Pictures with short captions
•••••
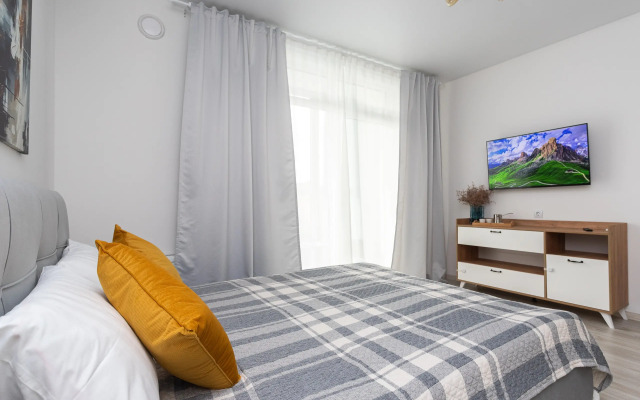 Квартира Романтическая студия в новом доме с лоджией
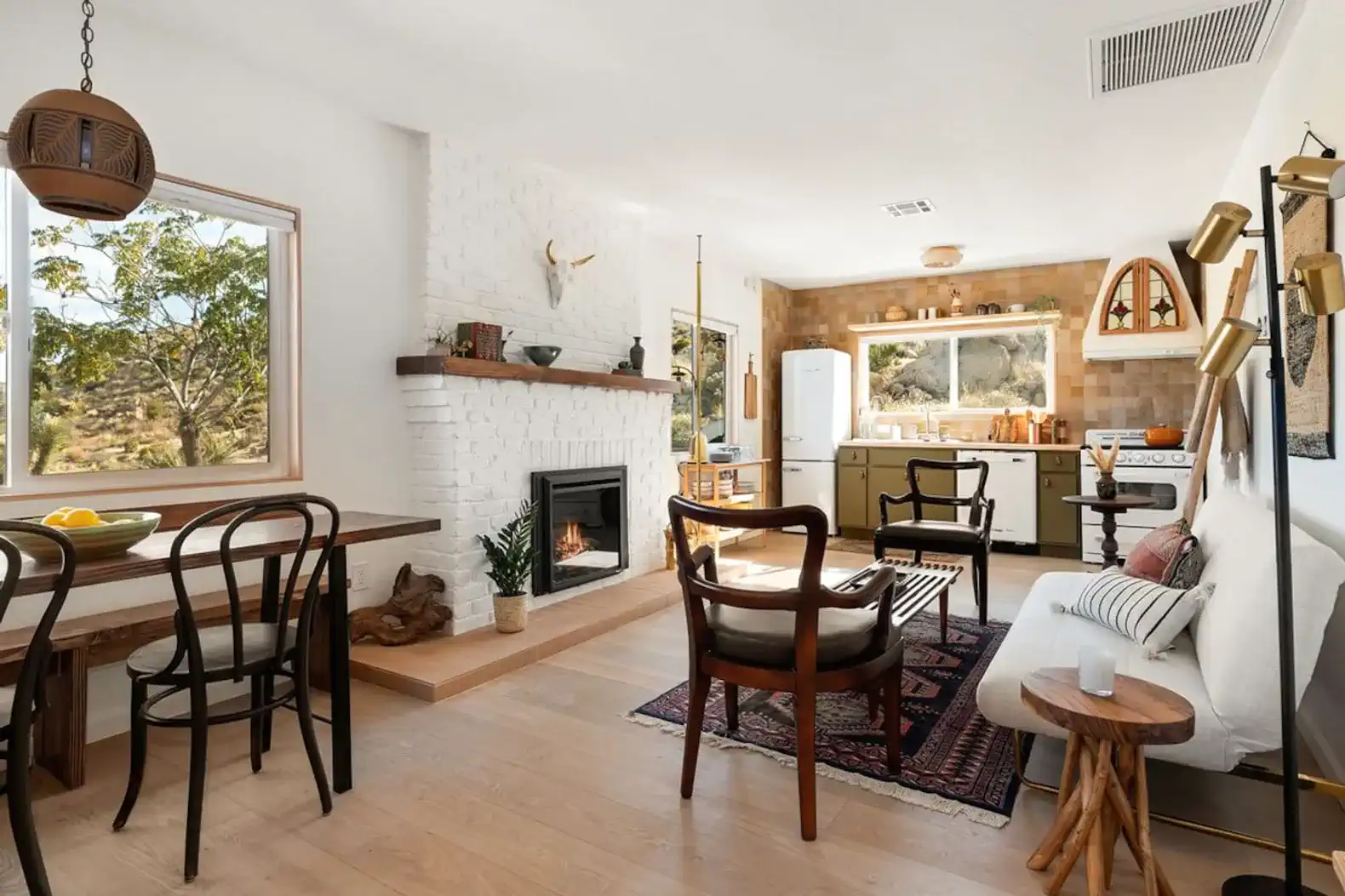 Petite Maison | Luxe Cabin w/ Views + Boulders – photo 5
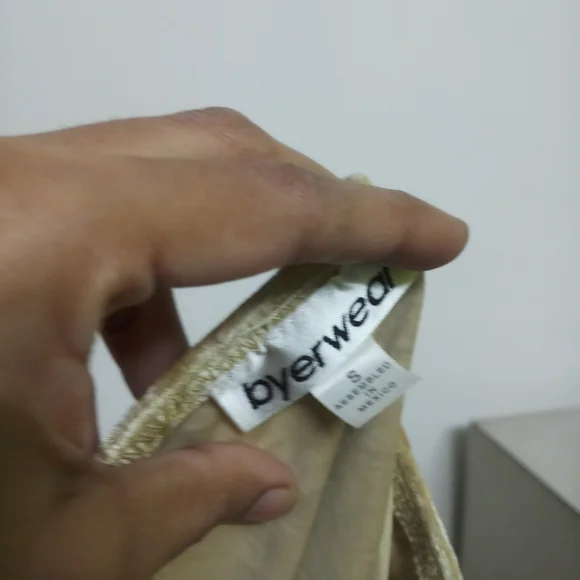 Velvet top...fix price - Picture 4 of 4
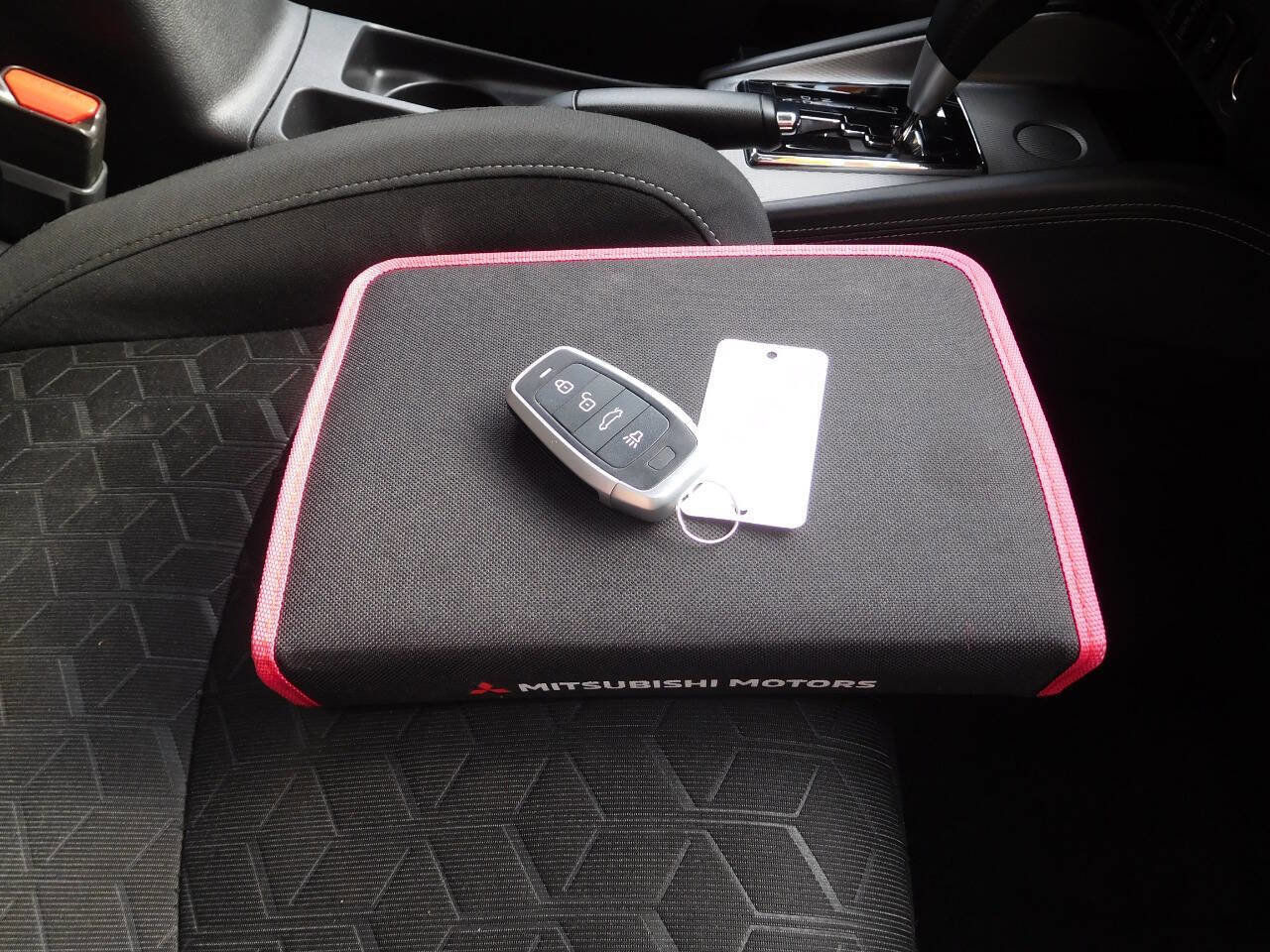 Used 2020 Mitsubishi Outlander Sport SE image 9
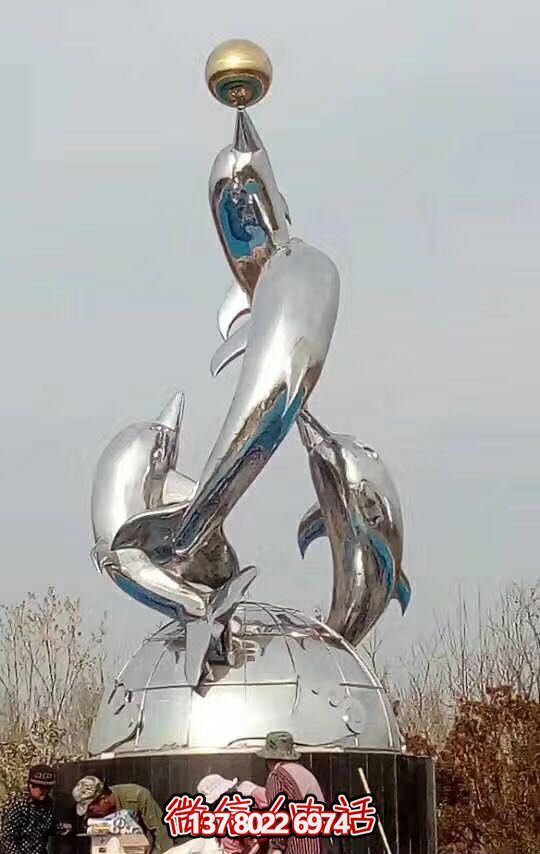 不銹鋼海豚戶(hù)外園林飛躍雕塑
•••••
> [Work instructions]
The answer must consist of the line containing "Petite Maison |" and every line after it through the end of the records, retyped exactly, with all pictures left out.

> [Answer section]
 Petite Maison | Luxe Cabin w/ Views + Boulders – photo 5
 Velvet top...fix price - Picture 4 of 4
 Used 2020 Mitsubishi Outlander Sport SE image 9
 不銹鋼海豚戶(hù)外園林飛躍雕塑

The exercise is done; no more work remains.